A liquefied natural gas tanker and Energy Secretary Jennifer Granholm are pictured.

A liquefied natural gas tanker and Energy Secretary Jennifer Granholm are pictured. | Michael Dwyer/AP; Francis Chung/POLITICO

Facing significant pressure from environmentalists, President Joe Biden took a step to slow the galloping pace of the fossil fuel industry by pausing requests to ship more U.S. natural gas abroad.

The decision announced this morning comes at the start of a reelection campaign shaping up as a rematch between Biden’s climate message and former President Donald Trump’s “drill, baby, drill” appeal.

Soaring exports of liquefied natural gas from terminals along the Gulf Coast have given the United States powerful leverage against Russian suppliers in Europe and Asia.

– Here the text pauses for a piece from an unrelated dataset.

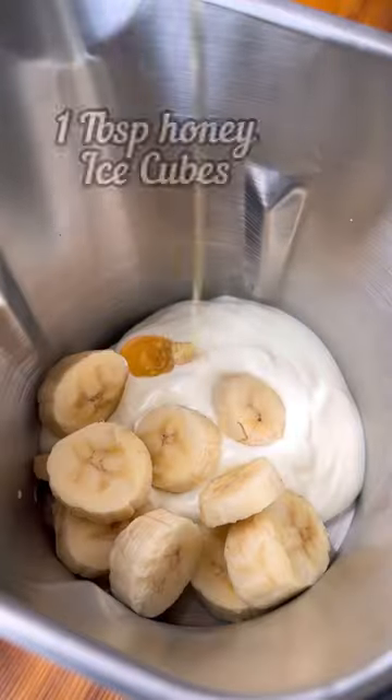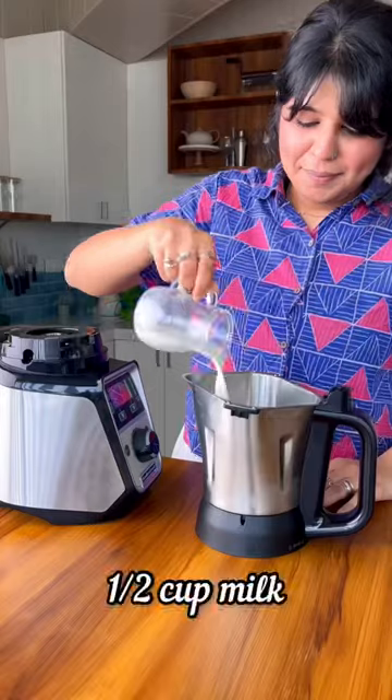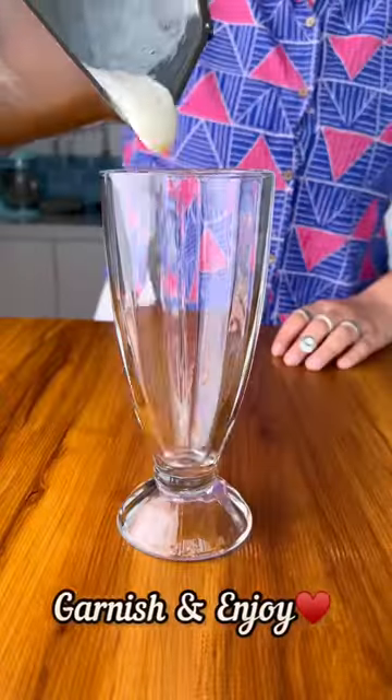Remove all the seeds and add the pulp of the sitafal to a blender jar along with yogurt, a frozen banana, some honey, ice, and milk. Blend it till it's smooth, garnish with some chocolate shavings, and enjoy!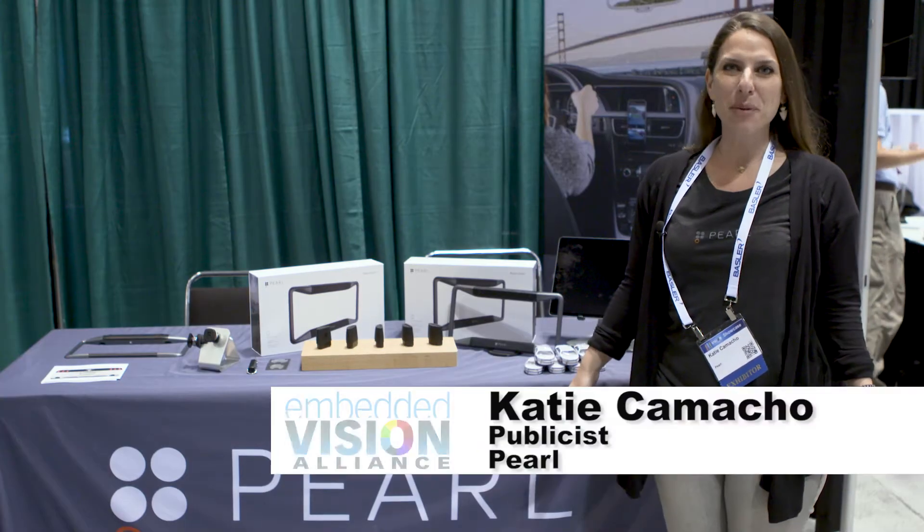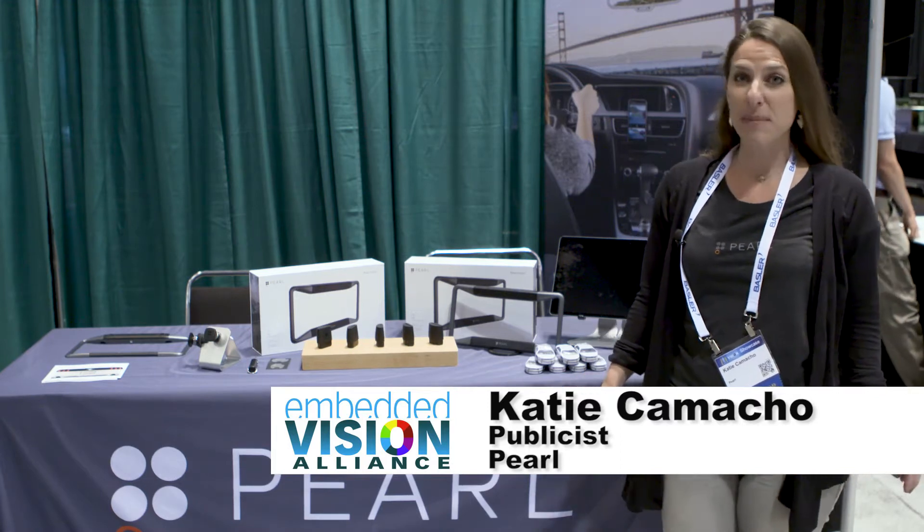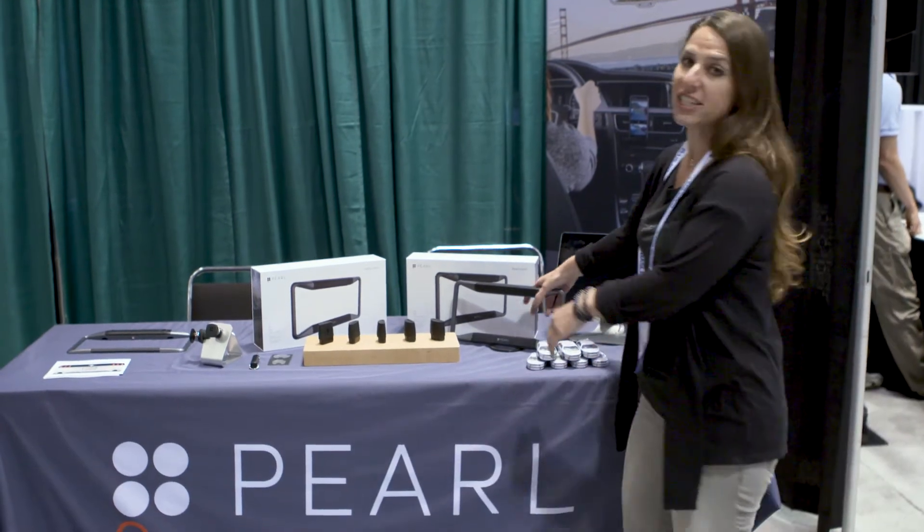Hi, I'm Katie from Pearl and we're here today showing our first product, which is RearVision. It's the only wireless backup camera and alert system. As I mentioned, it's completely wireless.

But natural gas is also a source of heat-trapping methane emissions — and selling more and more of it collides with a U.S. commitment to join other nations in moving away from fossil fuels.

During the trickle of news this month suggesting the White House was about to act, climate activists ran into a fossil fuel industry girding for a fight. Senate backers of the oil and gas industry chimed in, writes Kelsey Brugger. And Senate Republican leader Mitch McConnell called a decision to the export-permit freeze a “Green New Deal scheme” aimed at scoring political points.

The White House fired back with a statement that seemed designed to appeal to young climate voters, many of whom are in critical swing states like Michigan and Wisconsin — and drew a contrast with Trump.

“While MAGA Republicans willfully deny the urgency of the climate crisis, condemning the American people to a dangerous future, my administration will not be complacent,” Biden said.

Under the policy change, the Department of Energy will pause decision-making on pending permit requests for LNG shipments while it conducts an open-ended analysis of the impacts on greenhouse gas emissions and energy prices, write Brian Dabbs and Carlos Anchondo.

Climate campaigner Bill McKibben, the founder of the climate organization 350.org, has said green groups are already backing Biden. But he said the decision could rally enthusiasm among young voters who were dismayed by earlier Biden decisions — such as the administration’s approval of the Willow oil drilling project in Alaska.

Yet the victory for climate activists is limited. The United States is still a massive oil and gas producer.

The administration has noted the U.S. will remain the world’s largest LNG exporter, with capacity expected to nearly double by 2030. The decision also won’t immediately affect a massive LNG export project in Louisiana known as CP2, a key target of environmentalists.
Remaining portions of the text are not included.